The Commerce Ministry has unveiled a roadmap aiming for $1 trillion in annual exports, backed by a ₹25,000-crore mission for MSMEs. However, industry bodies warn that high shipping costs and a 14% drop in available credit are hurting competitiveness. Success now depends on reducing logistics expenses and improving credit access for exporters.

The Ministry of Commerce and Industry has laid out an ambitious seven-point roadmap to reach $1 trillion in exports for the current fiscal year. To support this goal, the government plans to leverage the 'Districts as Export Hubs' initiative, which focuses on 120 priority districts, and a new ₹25,000-crore Export Promotion Mission designed to help micro, small, and medium enterprises (MSMEs) gain international certifications and better market access.
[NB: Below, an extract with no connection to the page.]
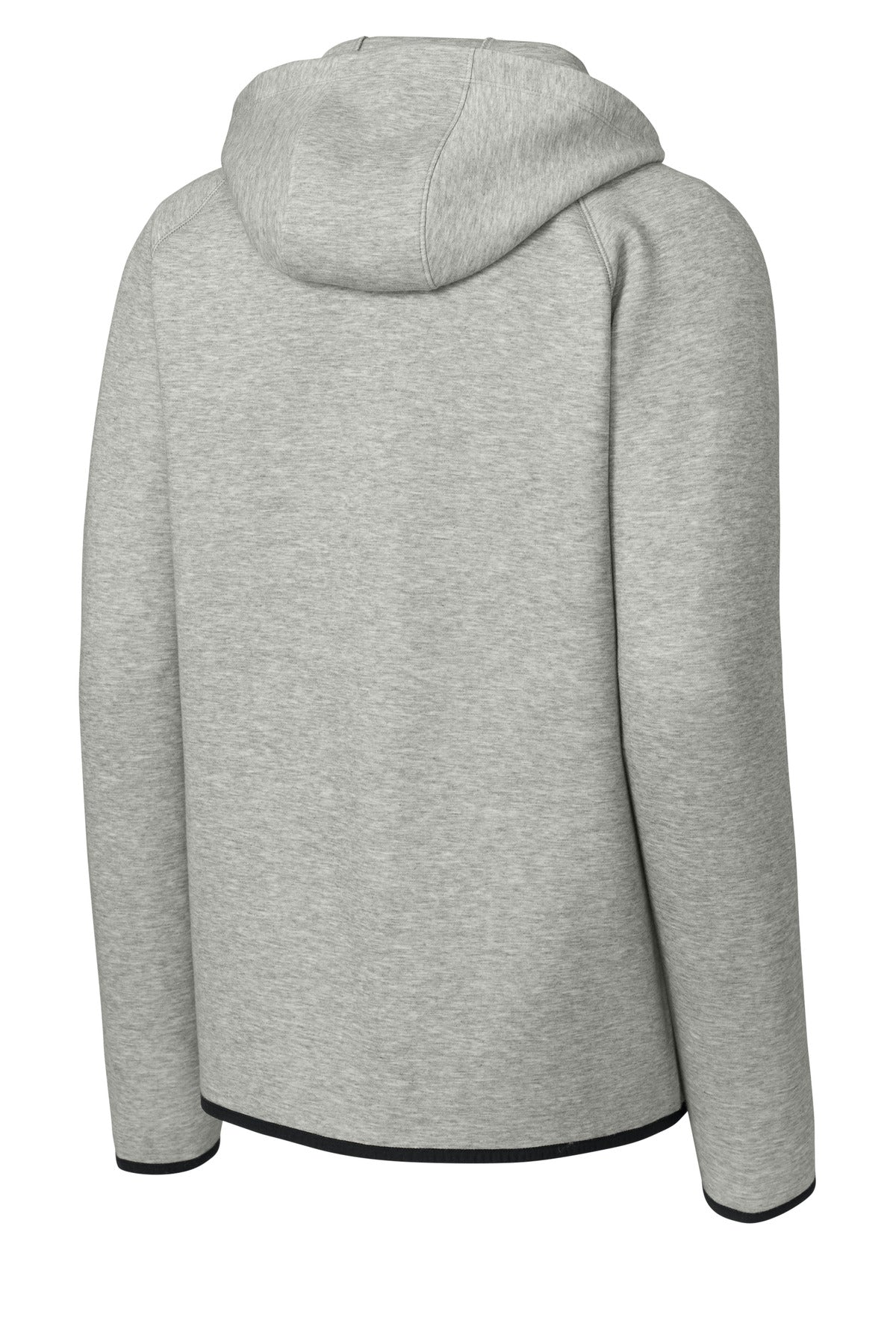 Back Product Athletic Heather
Logistic and Credit Hurdles for Exporters

While the government's long-term plan aims to strengthen India's global trade footprint, industry representatives have raised immediate concerns regarding operational costs. Exporting firms are facing pressure from rising ocean freight rates and container shortages, which are significantly increasing the cost of shipping goods. Exporters have requested a formal monitoring mechanism to keep shipping costs transparent and under control.
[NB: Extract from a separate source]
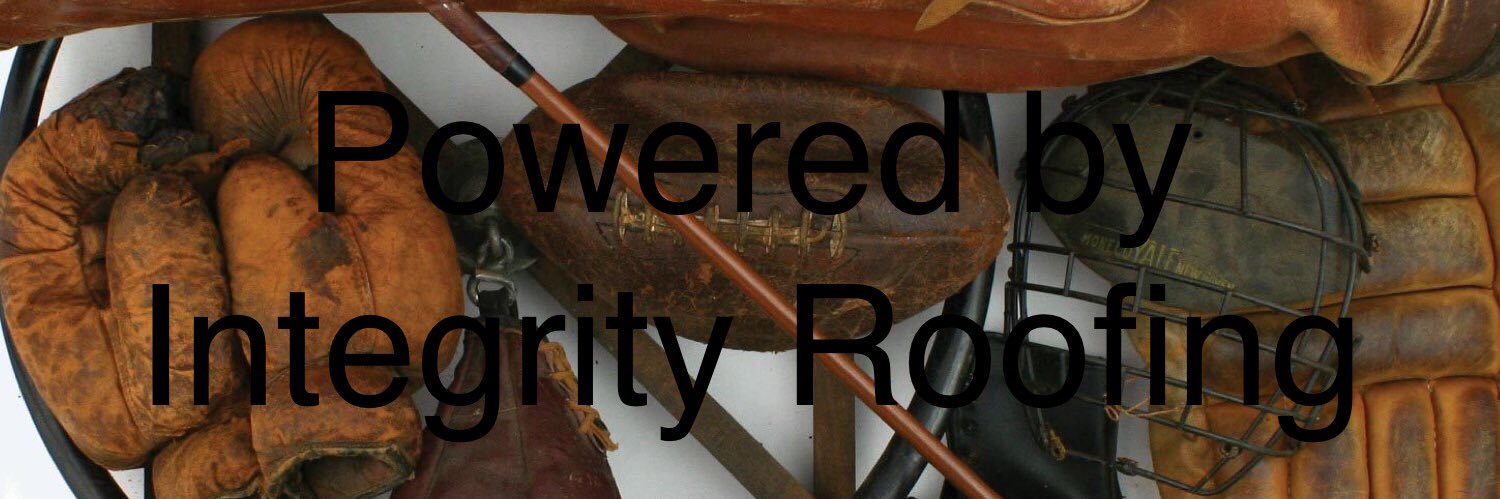 Kitsap Athletic Roundtable banner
Access to capital remains another major friction point. The Federation of Indian Export Organisations (FIEO) has pointed to a nearly 14% contraction in export credit. This reduction in available funding is creating cash flow problems for businesses, especially as they face longer wait times for payments from international buyers. Without easier access to working capital, many exporters may find it difficult to scale production to meet the government's aggressive growth targets.

Sustainability and Regulatory Bottlenecks

Indian exporters are also preparing for stricter environmental standards, such as the European Union’s Carbon Border Adjustment Mechanism (CBAM). Meeting these green transition requirements often involves significant investment in carbon accounting and new technology. Industry bodies have proposed the creation of a dedicated green transition fund to provide financial and technical support, particularly for smaller firms that may struggle to afford the necessary upgrades on their own.

Additionally, the industry is calling for the government to implement long-standing policies that could boost retail export growth. For instance, the provision for GST refunds for foreign tourists, which has been part of the IGST Act since 2017, remains largely unimplemented. Addressing these specific regulatory gaps and reducing the burden of compliance are seen as critical steps to improve the ease of doing business for export-oriented companies.

For investors monitoring the broader economy, the key monitorable will be whether the government shifts from consultative planning to direct policy execution. The ultimate impact on export-heavy sectors—such as textiles, engineering goods, and handicrafts—will depend on how quickly authorities can lower logistics costs and resolve the credit crunch affecting MSME exporters.